You may have heard the term “Fairness” in reference to Canada Revenue Agency’s Taxpayer Relief Guidelines. You might wonder why that is. Well, the answer is quite simple really. When the provisions were introduced, the taxpayer relief legislation was originally called the “fairness legislation”. The idea behind the original name was that the legislation would address situations or circumstances that might be unfair to a taxpayer.
So why the name change? When it comes to penalty and interest what CRA discovered along the way was that everyone has a different idea of what “fairness” means. But confusion among the public, or at least vague interpretations of what fairness means, wasn’t the only reason for the name change. It’s important to remember that penalty and interest relief are not the only functions of this legislation. The relief provisions also enable a taxpayer to apply for submission of, revocations to, or amendments to elections that may be beyond the ordinary three year limitation for adjustments. Similarly, a taxpayer can apply for refunds or reductions to amounts payable that are beyond the statute barred date, providing there is sufficient documentary evidence to support an unclaimed deduction or refund. So the term “fairness” needed to be broadened to provide a more complete description of the legislation.

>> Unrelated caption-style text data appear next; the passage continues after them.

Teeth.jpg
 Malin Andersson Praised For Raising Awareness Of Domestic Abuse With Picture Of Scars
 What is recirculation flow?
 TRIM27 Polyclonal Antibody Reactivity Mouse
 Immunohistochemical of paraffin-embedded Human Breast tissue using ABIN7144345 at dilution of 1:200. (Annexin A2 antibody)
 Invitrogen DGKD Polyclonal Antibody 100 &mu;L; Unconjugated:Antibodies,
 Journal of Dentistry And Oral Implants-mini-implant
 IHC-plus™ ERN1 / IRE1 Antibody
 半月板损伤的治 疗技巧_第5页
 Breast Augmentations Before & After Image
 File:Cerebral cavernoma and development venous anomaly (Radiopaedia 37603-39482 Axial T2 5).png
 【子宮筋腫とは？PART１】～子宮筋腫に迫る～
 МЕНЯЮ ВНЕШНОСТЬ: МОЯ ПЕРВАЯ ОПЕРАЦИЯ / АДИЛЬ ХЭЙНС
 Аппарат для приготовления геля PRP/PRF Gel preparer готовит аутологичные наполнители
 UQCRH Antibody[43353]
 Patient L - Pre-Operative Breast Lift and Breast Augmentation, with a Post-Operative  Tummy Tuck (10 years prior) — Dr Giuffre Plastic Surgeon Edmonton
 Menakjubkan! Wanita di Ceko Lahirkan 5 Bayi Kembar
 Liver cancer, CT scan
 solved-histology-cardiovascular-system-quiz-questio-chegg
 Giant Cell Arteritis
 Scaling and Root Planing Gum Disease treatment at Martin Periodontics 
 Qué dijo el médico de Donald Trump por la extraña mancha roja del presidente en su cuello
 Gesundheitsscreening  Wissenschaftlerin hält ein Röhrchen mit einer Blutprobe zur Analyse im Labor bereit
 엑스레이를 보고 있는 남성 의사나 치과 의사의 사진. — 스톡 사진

The key to successful applications under what was formerly called the fairness legislation is to have a thorough understanding of the categories for relief, their definitions, and the decision-making criteria Canada Revenue Agency uses to determine eligibility. It’s not simply enough to write and ask in a general or roundabout way for relief. Having a complex and nuanced understanding of the categories and decision-making factors makes an enormous difference. Before applying for relief, understand how and what constitutes fairness. More information can be found by reading the guidelines.